An ocean made of acid that corrodes the shells of sea life seems like an image out of science fiction. Sadly, it’s becoming just science.

The acidity of the world’s oceans is increasing at an unprecedented pace and is projected to continue, parliamentarians and guests were told at an event in Ottawa Thursday.

Projecting acidification itself is actually a simple chemical equation, said Dalhousie professor emeritus of oceanography John Cullen. As the levels of carbon dioxide in the atmosphere rise, the pH balance of the ocean drops to keep a C02 equilibrium. That increases acidity.
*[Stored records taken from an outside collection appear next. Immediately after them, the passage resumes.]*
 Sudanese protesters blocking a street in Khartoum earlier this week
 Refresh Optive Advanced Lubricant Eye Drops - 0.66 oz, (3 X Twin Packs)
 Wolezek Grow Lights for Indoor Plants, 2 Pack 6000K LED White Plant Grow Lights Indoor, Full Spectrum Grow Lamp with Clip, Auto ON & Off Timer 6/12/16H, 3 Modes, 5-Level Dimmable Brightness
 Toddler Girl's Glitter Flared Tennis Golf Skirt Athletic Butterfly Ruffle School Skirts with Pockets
It’s what will happen to all of the things in the ocean that is the big mystery. “We don’t know exactly what the effects will be, but these chemical changes are very, very big,” said Cullen in an interview.

About 75 people, including several members of Parliament, came out to hear Cullen speak at a breakfast presentation, part of the Bacon and Eggshead breakfast series organized by the Partnership Group for Science and Engineering.
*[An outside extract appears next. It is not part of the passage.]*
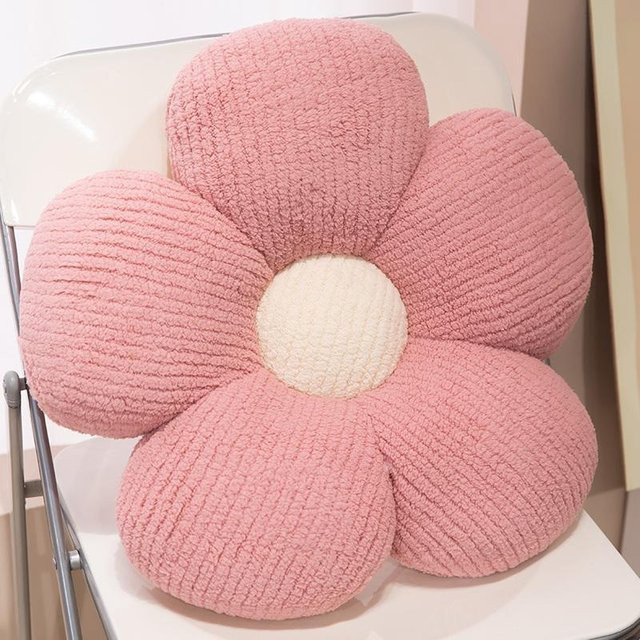 Yiran Health & Beauty Gestreiftes Plüsch-Wurfkissen in Blumenform, Farbe: Pink, B/B: 40 x 40 cm - Bild 1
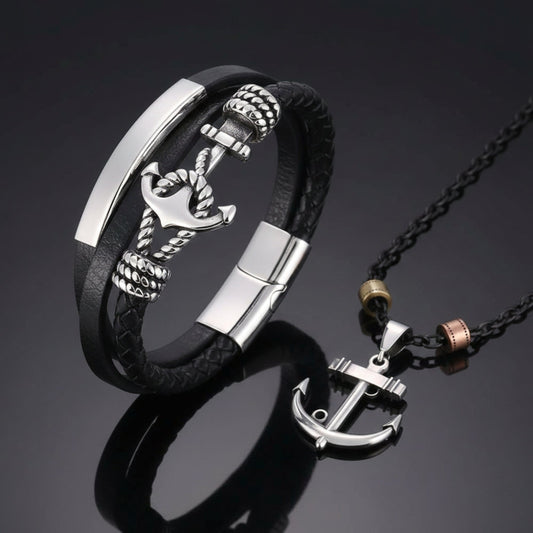 COMBO - Aqua Anchor Steel Pendant & Nautical Leather Braided Bracelet for Men's - THE MEN THING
Already scientists are seeing a notable shift in ocean ecosystems. Cullen cited one worrisome example of snails known as sea butterflies observed with their shells corroded from the outside.

After about 20 million years of the ocean retaining a roughly steady pH balance, the acidity of seawater has jumped 26 per cent since the start of the industrial revolution, according to data from the Intergovernmental Panel on Climate Change.

At current levels of carbon dioxide emissions, acidity is projected to jump to 150 per cent of pre-industrialized levels by the year 2100.

Cullen called for two major things in his presentation. The first was a lowering of greenhouse gas emissions to halt this rapid acidification. The second was for the government to support more research into our oceans.

“We’re talking about major, major changes that could have really significant effects. We have to make our decisions based on real information. It’s not alarmist to say it’s a major threat.”

There has been an explosion of interest in this new field of study. Cullen said that two new research papers are published every day on average, but developing a deeper understanding will take time.

“Canada is primed and ready to do this but a few things have to fall in place, and of course one of them is funding,” said Cullen.

Paul Macleod, Herald News Canada, 26 September 2014. Article.